2. In Vivo Albino Rat Imaging

  • OCT Results: Delivered detailed 3D structural and perfusion maps of the retina.
  • Raman Spectra: Provided precise molecular vibrational patterns related to biomolecules, highlighting:
    • Cholesterol features (702 cm⁻¹)
    • C-S stretching mode of cystine (661 cm⁻¹)
    • Ring breathing of lysine and tyrosine (852 cm⁻¹)

Significance and Innovation

1. Scientific Impact

This study achieved the first in vivo molecular imaging of rodent retinas using non-resonant Raman spectroscopy. It offers groundbreaking insights into retinal molecular composition and advances the study of molecular mechanisms underlying ophthalmic and neurodegenerative diseases.

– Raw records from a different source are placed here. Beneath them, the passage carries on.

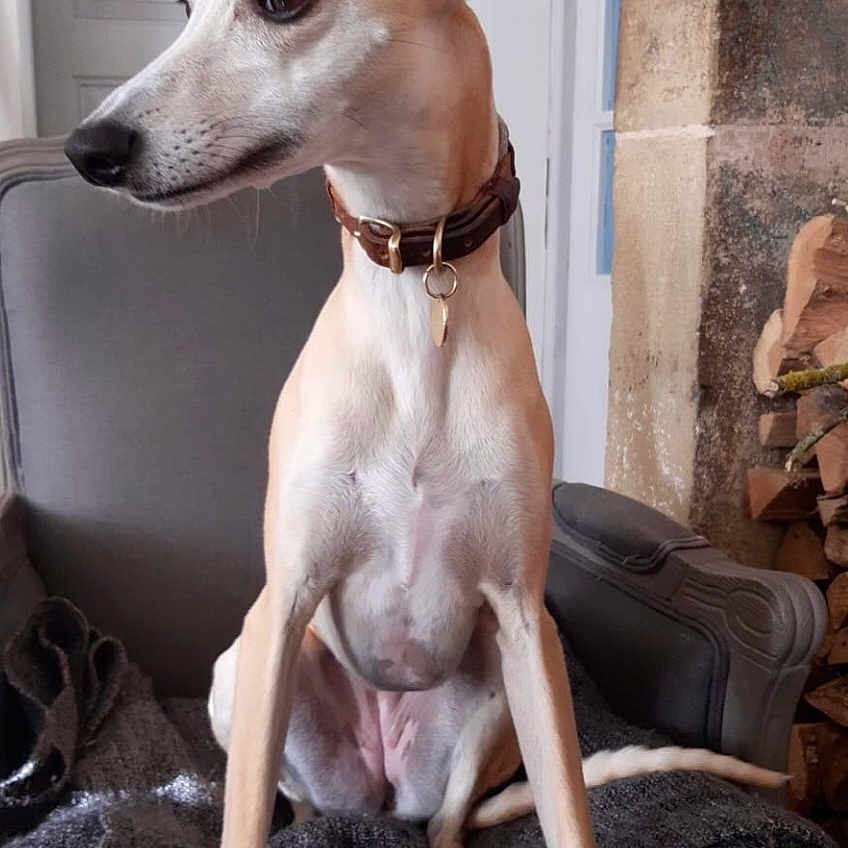 Romy a rejoint le concours — aidez-le/la à gagner de superbes lots ! dog, hound, whippet, portrait, sitting, indoors, armchair, blanket, collar, leash, long_legs, slender, short_fur, tan_and_white, side_profile, alert, pet, home, fireplace, cozy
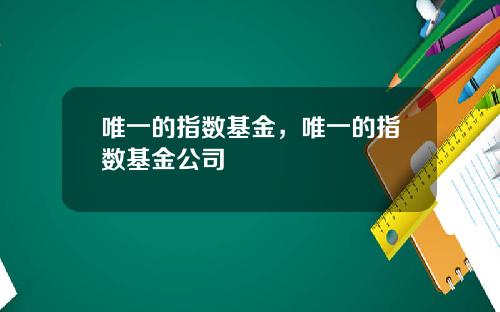 唯一的指数基金，唯一的指数基金公司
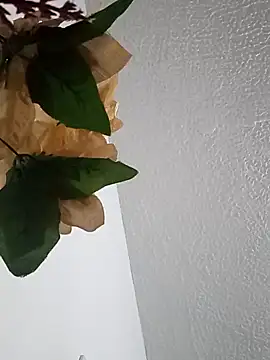 Naomy veracruz  online show from 24, 2, 2026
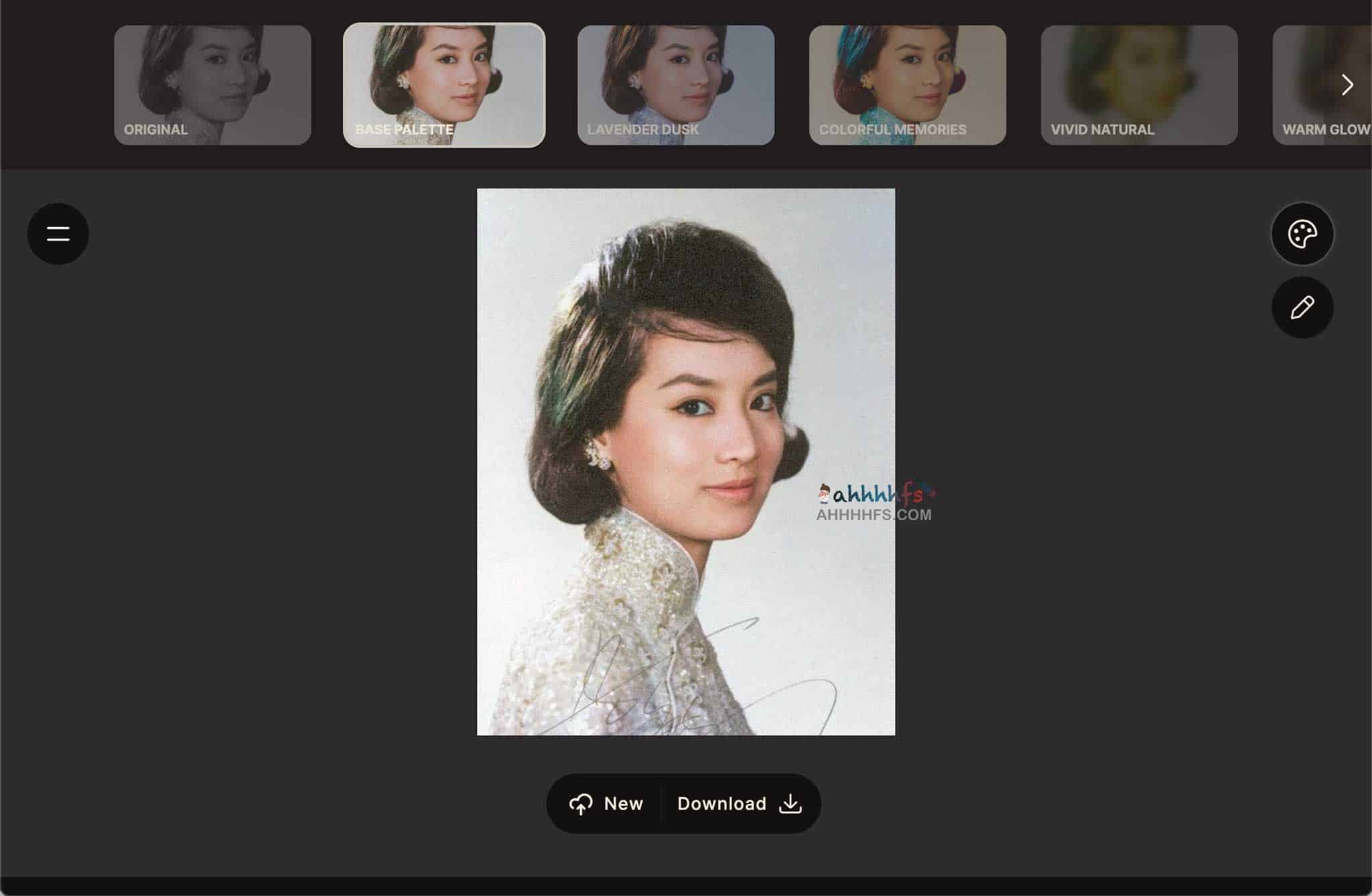 AI黑白照片上色工具 老照片修复- Palette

2. Clinical and Applied Value

The research presents a non-invasive, label-free diagnostic tool with significant potential for detecting eye diseases (e.g., diabetic retinopathy) and central nervous system disorders. Its multimodal nature paves the way for early diagnosis and disease monitoring applications.

3. Highlights and Innovations

  • The system seamlessly integrates OCT and RS technologies, combining structural and molecular imaging capabilities.
  • Maintains laser safety compliance, making it suitable for longitudinal studies.
  • Adopts albino rat models to minimize retinal pigment interference, setting a new standard for small animal studies.

Outlook

Future directions include optimizing Raman signal intensity, extending the molecular detection range to higher wavenumbers, and exploring its application in the human eye. Additionally, combining the system with adaptive optics to enhance Raman spatial resolution represents a critical avenue for research. Overall, this study opens exciting possibilities for multimodal optical imaging in biomedical applications.